Robot-assisted gastric bypass lowered risk for gastrointestinal leaks


Houston, TX
The use of a robot to assist with laparaoscopic Roux-en-Y gastric bypass surgery appears to significantly lower a patient’s risk for gastrointestinal leaks compared with gastric bypass performed by a surgeon alone.

Minimally invasive surgeons at The University of Texas Medical School at Houston analyzed operative times, length of hospital stay and complications in 605 patients who underwent laparoscopic Roux-en-Y gastric bypass either performed solely by a surgeon (n=356) or with robot assistance (n=249).

Main outcome results were similar between groups. Robot-assisted surgery took 17 minutes longer than the surgeon-only procedure. Hospital stays were an average of three days in both groups, and the overall complication rate was 14% in each group, with fewer than 4% classified as major complications.
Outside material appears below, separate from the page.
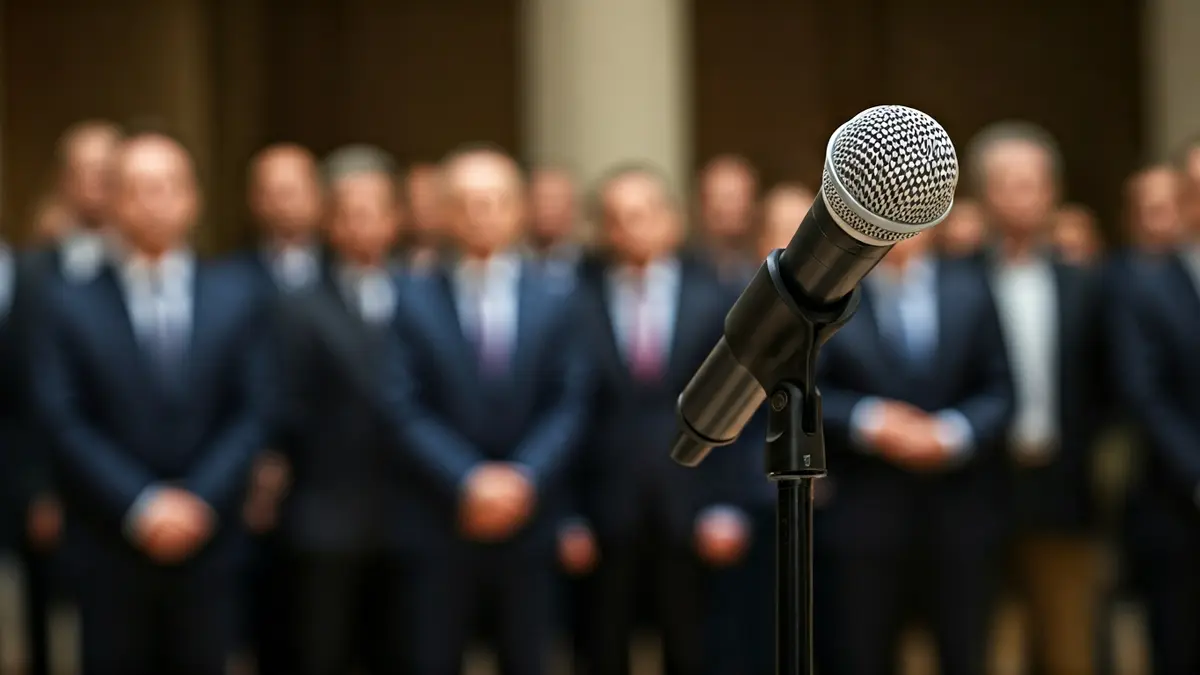 Imagen genérica de un micrófono en un podio, sugiriendo una rueda de prensa.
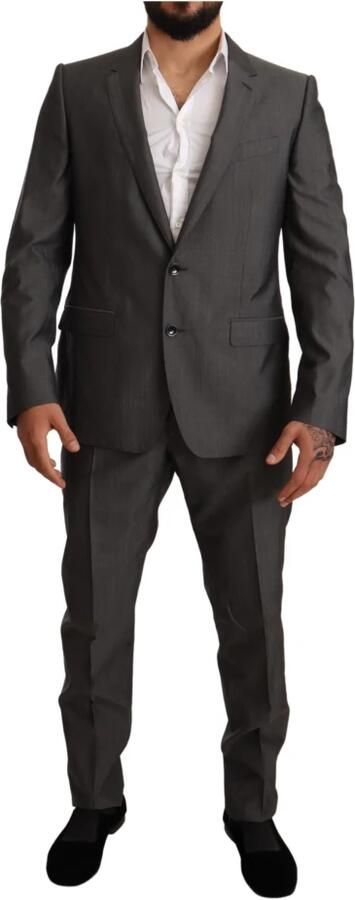 Dolce & Gabbana Grijze Metallic Martini Slim Fit Pak Set Gray Heren - Foto 6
In the five-year study, there were no deaths in either group.

No patient in the robot-assisted surgery group experienced a gastrointestinal leak; however, six in the other group experienced the complication within 90 days after the surgery. The rate for gastrointestinal leaks and other complications was slightly lower than what has previously been reported in other scientific journals, according to the researchers.

“While robotic surgery may take slightly longer and be more costly to use than traditional laparoscopy, we believe that the improved outcome and decreased leak rates may offset the cost to some extent,” Erik B. Wilson, MD, director of the University of Texas Medical School at Houston Minimally Invasive Surgeons of Texas group, said in a press release.